My journey from Nepal to Oxford

My journey from Nepal to Oxford

Tsechu Dolma is a current 2019-20 Skoll Scholar on the Oxford MBA. She is the founder of the Mountain Resiliency Project to help build resilient refugee communities through women’s agribusinesses. She reflects on her lived experience and how it led her to an impact career and an MBA at Oxford.
Tsechu Dolma headshot
There are 25.4 million refugees in the world; children make up half of them; 3.5 million school-age refugee children do not go to school, and only one percent of refugees enroll in higher education. I was born into these statistics. I grew up in a Tibetan refugee camp and spent the first half of my life as a stateless person. Fleeing the civil war in Nepal, my family sought political asylum in the United States.
 

After becoming a new American, receiving my education there, then going back, I realized that my refugee community back home was stuck in a culture of waiting that international agencies had perpetuated and we had enhanced upon. Our community has been plagued with development barriers such as heavy youth outmigration, low student retention, poor water access and ethnic marginalization. But we were not working on solving our problems; instead, we waited for outsiders to bring in poorly designed, implemented and costly projects that would only last for a year or two. Inside the past decade, climate change and globalization has made living in the high-Himalayas increasingly more difficult and we cannot afford to wait. I made a risky leap so that we can reverse this development trend, and instead take a grassroots approach to foster local ownership, inclusion and capacity.

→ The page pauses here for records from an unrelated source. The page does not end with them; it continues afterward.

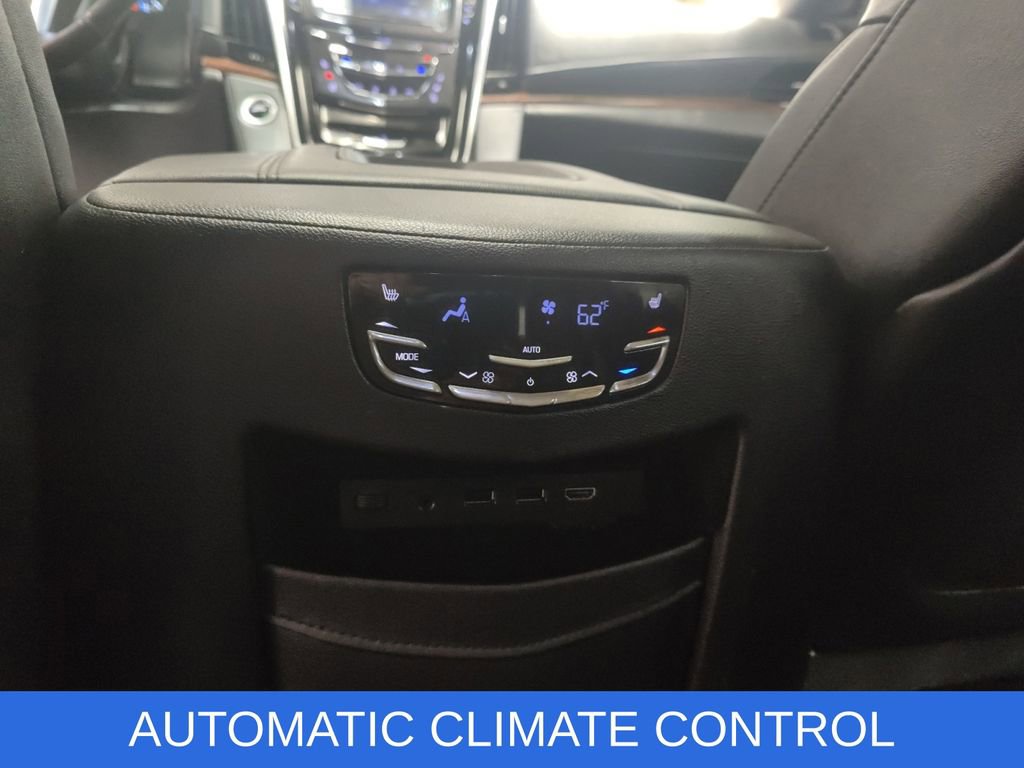 Used 2020 Cadillac Escalade Premium Luxury w/ Escalade Sport Edition image 39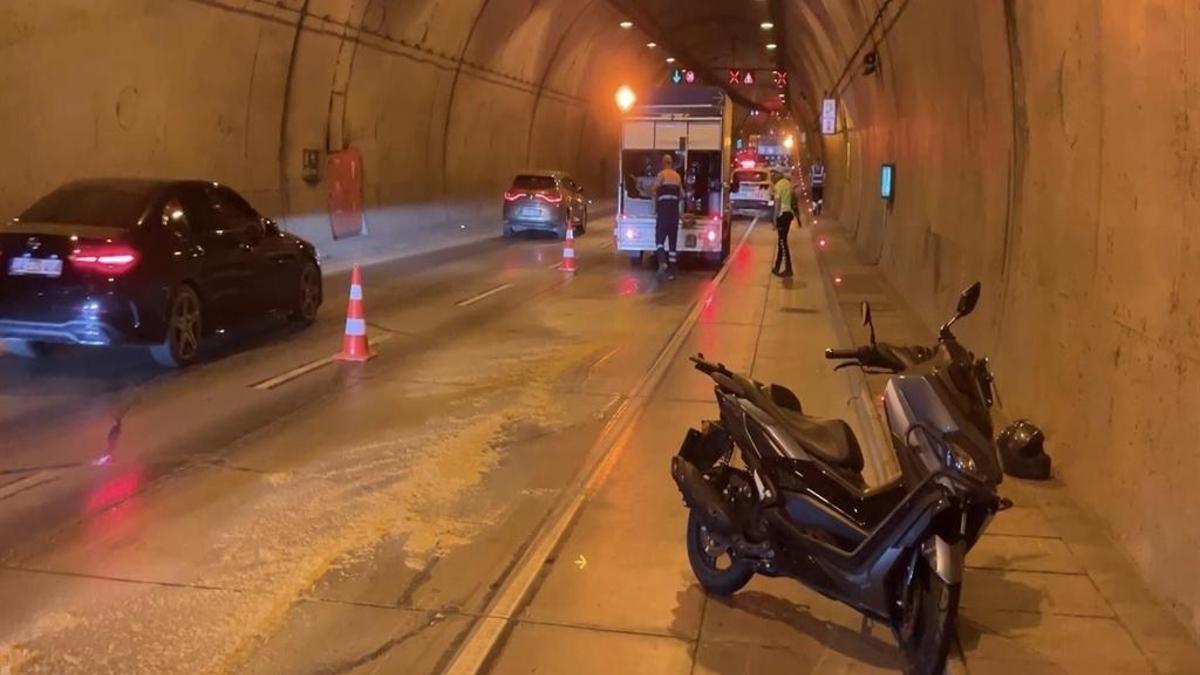Şişli'de tünele yağ döküldü: Yunus polisi ve 2 motosikletli yaralandı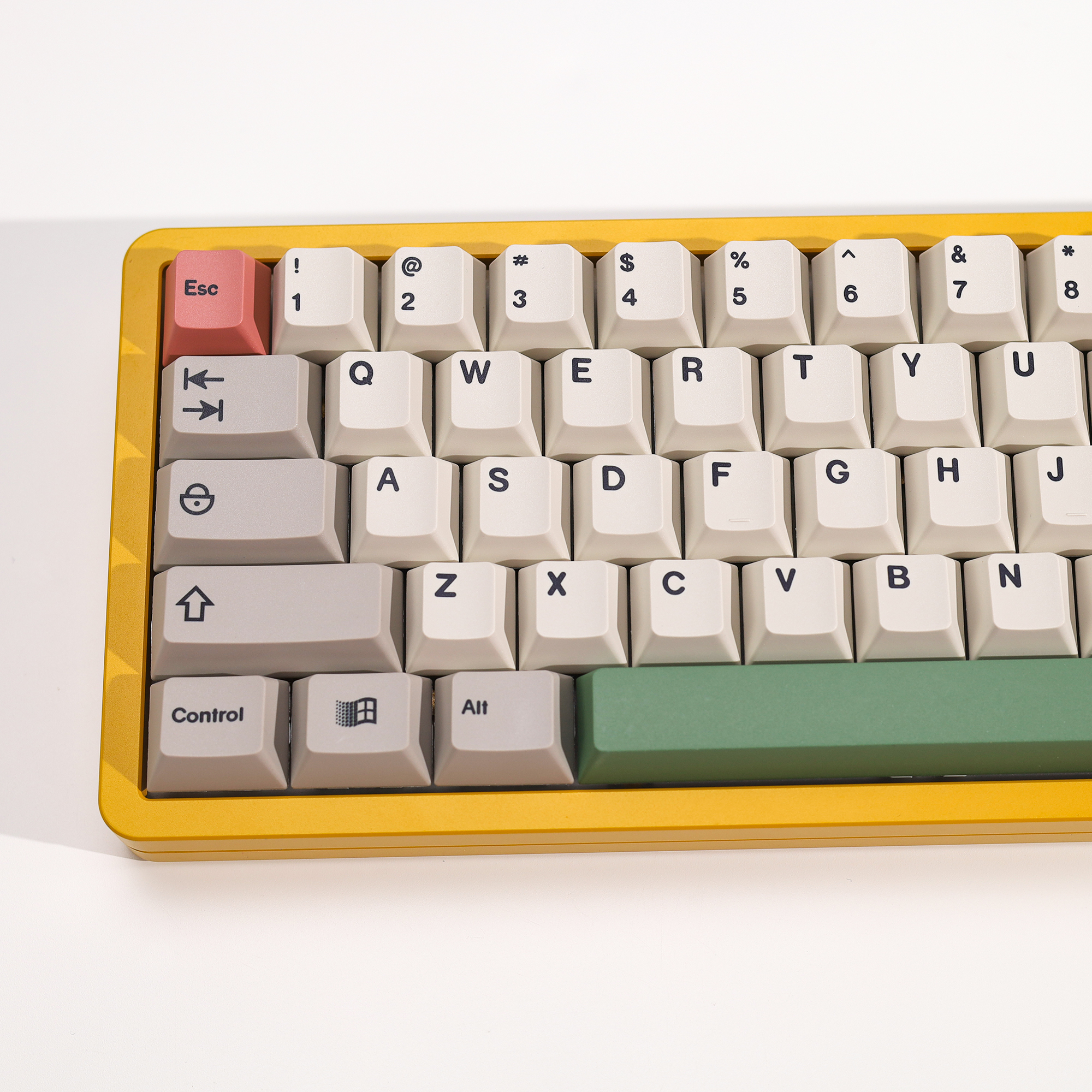 Cận cảnh vùng alpha và modifier Retro 9009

Tsechu in the mountains with two horses

Photo credit: Mountain Resiliency Project

The majority of the villages Mountain Resiliency Project (MRP) works with do not have road access. They are some of the most remote settlements in the Himalayan range. Foot and pack animals travel is the lifeline of our communities. In this photo, Tsechu Dolma is traveling to one of MRP’s sites in Manang, Nepal, where the nearest road is a four-day hike away, plus a another 20 hours bus ride from Kathmandu, crossing a pass 16,814ft above sea level.

My entrepreneurial spirit brought me back to the refugee camps I left behind to start a social enterprise. I founded Mountain Resiliency Project six years ago while I was an undergraduate student. We have a proven track record of improving food security, women’s economic empowerment and leveling patchy development for 15,000 displaced farmers in Nepal. Our average families have increased their annual incomes by 200 percent. Most importantly, 80 percent of our family’s earned income is spent on their children’s continued education and the remaining is reinvested in their trade. I realize the value of hard work and grit in achieving our true potential. Our work has received international awards and recognition for making strides. Today, we have 15 full-time staff leading our work in Nepal. I am rethinking the underpinnings of development in my community that has continued to perpetrate marginalization and dispossession. My vision is to scale Mountain Resiliency’s work worldwide. We want to grow out of South Asia to become the first-ever global network of refugee communities producing and selling goods to the mainstream market. Being a Skoll Scholar has supported my growth as a social entrepreneur and broadened my scope of advocating for and strengthening displaced communities.

Tsechu in a tent with mountain in the background

The Skoll Scholarship aligns with my lifelong values of growing into an effective leader with the grit, vision and communication skills to be a steward to my community and environment. For me, it is the tool to address inequities, development gaps and improve livelihoods. From my work at Mountain Resiliency, I have firsthand experience of how effective social enterprises that are deeply rooted in empathy and relationship building can transform lives. Social entrepreneurship is the best amalgamation of my passion and skills for how I want to influence the world. My experience with displaced communities has taught me that when the system is broken and continues to perpetrate disenfranchisement to the most vulnerable, the solutions must come from the unconventional. On my journey through different landscapes, I seek connections with the human and natural world to find my place and understand economic development. The literature on human, nature and policy has allowed me to use ideas from development discourse, like ‘participation’ and ‘sustainability’ in a way that is both effective and critical. Displaced communities worldwide have little to no political leverage and only extractive industries and projects are in their region; resulting in inconsistent, patchy development. I intend to change this.